In Table 8, a comparison with other research studies is made in terms of the current THD. This table provides a clear image of the advantage of the BC-ALO approach over other techniques, which is a positive finding that indicates its distinguished performance in terms of enhancing the current quality. Notably, the results in this table suggest that the BC-ALO approach can be used in the future in the area of control.

Table 8 Comparison of the designed control and other controls in terms of the current THD.

Conclusions

In this work, a suitable and effective solution is proposed to improve the power quality and robustness of the control system based on the use of DSIG. The proposed solution depends on improving the performance and effectiveness of the backstepping control strategy using the ALO algorithm. The proposed solution is characterized by high performance, ease of application, and great robustness.
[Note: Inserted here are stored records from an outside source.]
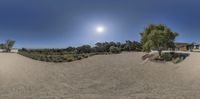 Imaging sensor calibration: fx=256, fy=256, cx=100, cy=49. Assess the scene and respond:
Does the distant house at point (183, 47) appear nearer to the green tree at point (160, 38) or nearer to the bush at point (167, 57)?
the green tree at point (160, 38)

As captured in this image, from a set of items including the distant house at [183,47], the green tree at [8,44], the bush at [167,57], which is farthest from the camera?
the distant house at [183,47]

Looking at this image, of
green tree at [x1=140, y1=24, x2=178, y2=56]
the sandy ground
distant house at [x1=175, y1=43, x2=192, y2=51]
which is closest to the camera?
the sandy ground

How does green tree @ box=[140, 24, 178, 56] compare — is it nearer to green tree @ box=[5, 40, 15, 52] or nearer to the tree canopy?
the tree canopy

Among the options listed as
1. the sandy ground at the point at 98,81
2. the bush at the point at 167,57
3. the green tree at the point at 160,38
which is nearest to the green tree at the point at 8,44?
the sandy ground at the point at 98,81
In addition to using improved backstepping control, the PWM strategy was used to control the operation of the system’s inverters. The parameters of the proposed approach were calculated using the ALO algorithm. The proposed approach was compared with the traditional strategy in terms of power quality, THD value of current, overshoot, steady-state error, and response time. Also, the proposed approach was compared with related works in terms of the THD of current value. In this work, MATLAB was relied upon to implement the proposed approach, where two different forms of wind speed were used to prove the effectiveness and strength of this proposed approach. The results show that the proposed technique provides graphical and numerical results compared to the conventional technique, as it provided good numerical results in terms of the values of ITSE, ITAE, response time, overshoot, and DC link voltage ripples. Results in all tests show that the proposed technique minimized the THD value by percentages estimated at 43.10%, 57.25%, and 29.45% compared to the conventional technique. Additionally, the DC link voltage ripples were reduced compared to the conventional technique by 71.89%, 71.38%, and 63.31% in all tests. Compared to the conventional strategy, the proposed approach reduced the response time to active power compared to the conventional technique by approximately 50.89%, 53.44%, and 0.60% in all tests. Also, the response time for reactive power was reduced by 95.23%, 97.78%, and 97.65% in all tests performed. These results prove that the proposed technique significantly increases the strength and robustness of the DSIG-based wind turbine system compared to using the conventional technique.

In this work, simulation was relied upon only to highlight the performance and effectiveness of the proposed approach due to the lack of necessary equipment. This challenge will be addressed in other works in the future. In addition, the lack of relevant work related to the DSIG-type generator is considered one of the most prominent challenges that this work faced in comparing the results. Also, this system relied only on power generation while increasing the power quality. The energy storage system was not addressed, which creates the problem or challenge of energy surplus in this work. Therefore, in future work, this work will be attempted experimentally using real tools and a storage system. Also, another control proposal is characterized by high performance and great durability, with a focus on simplicity and ease of implementation to control powers.